### What this task involves
Below is a listing to repeat exactly, with its pictures left out.
Dataset content START
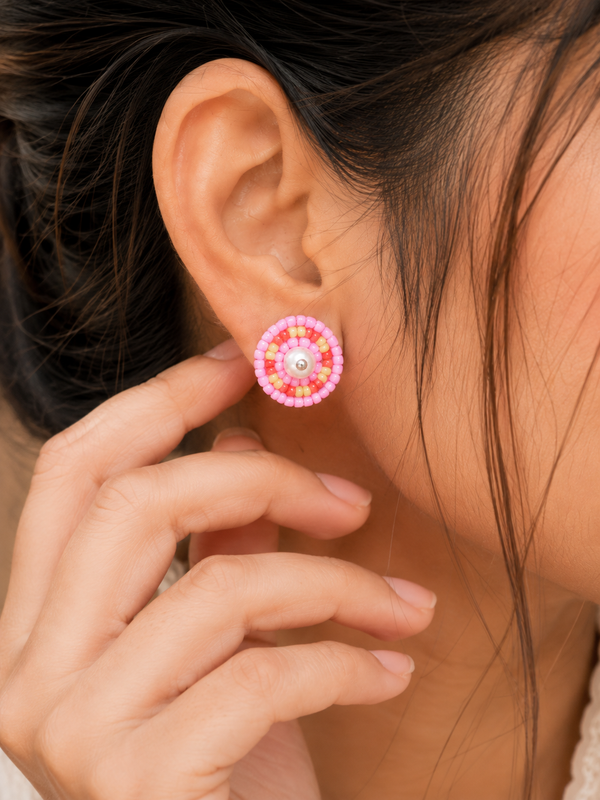Handmade Pink Pearl Beaded Earrings - PRAVtown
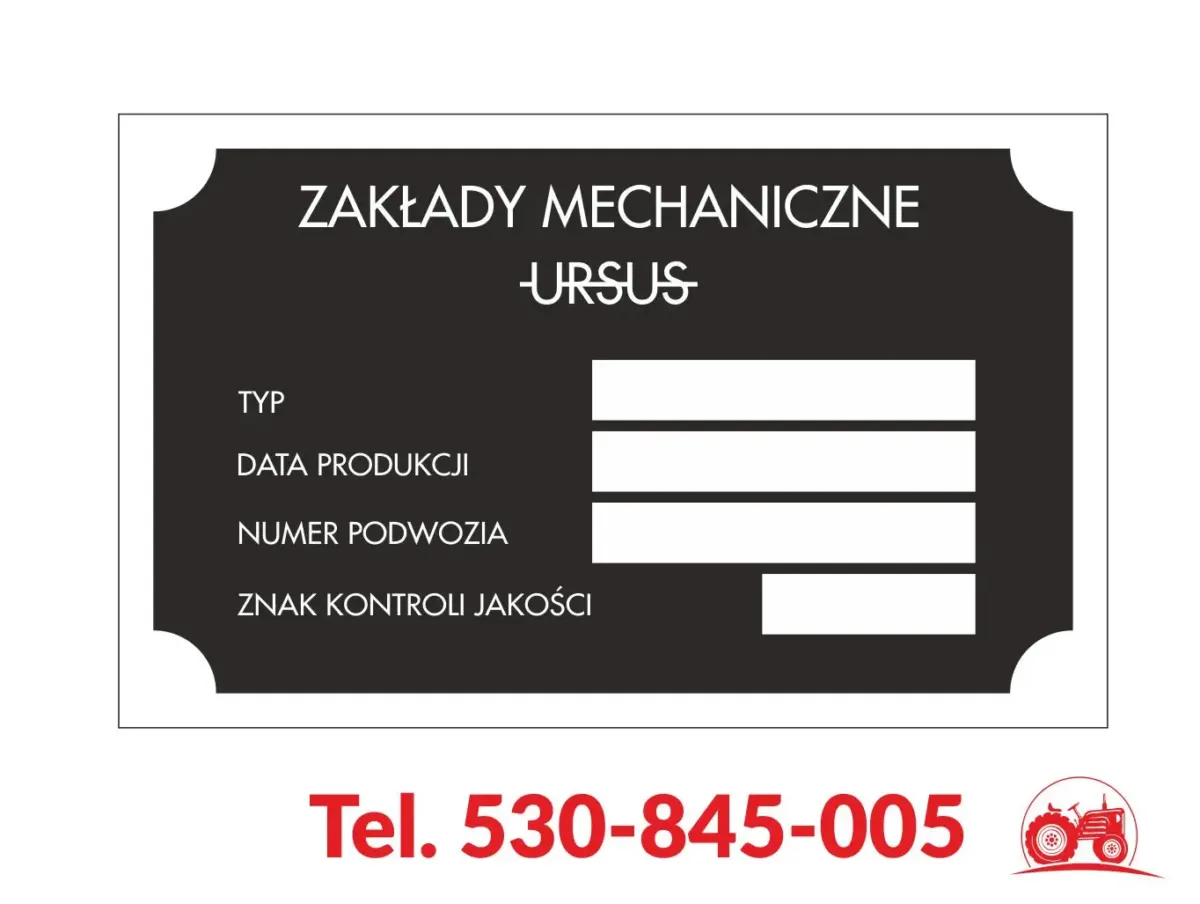 tabliczka znamionowa Ursus na silnik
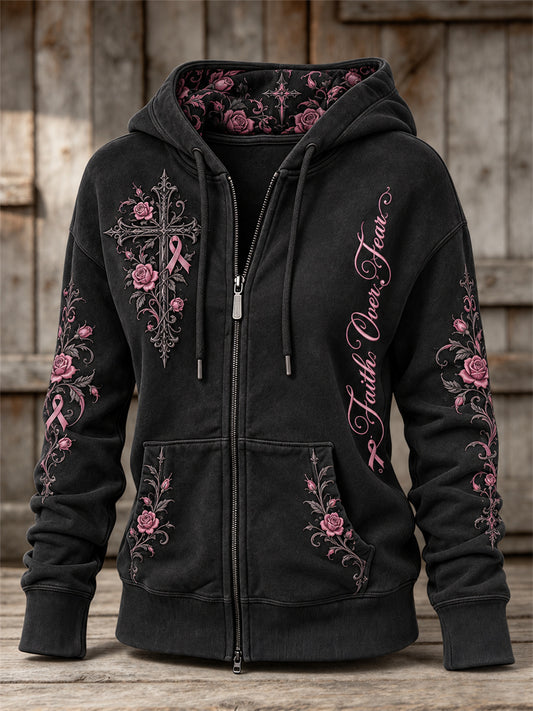 Women's Faith Over Fear Gothic Cross & Pink Ribbon Roses Floral Print Full Zip Hoodie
Dataset content END
### Answer for this exercise
Handmade Pink Pearl Beaded Earrings - PRAVtown
 tabliczka znamionowa Ursus na silnik
 Women's Faith Over Fear Gothic Cross & Pink Ribbon Roses Floral Print Full Zip Hoodie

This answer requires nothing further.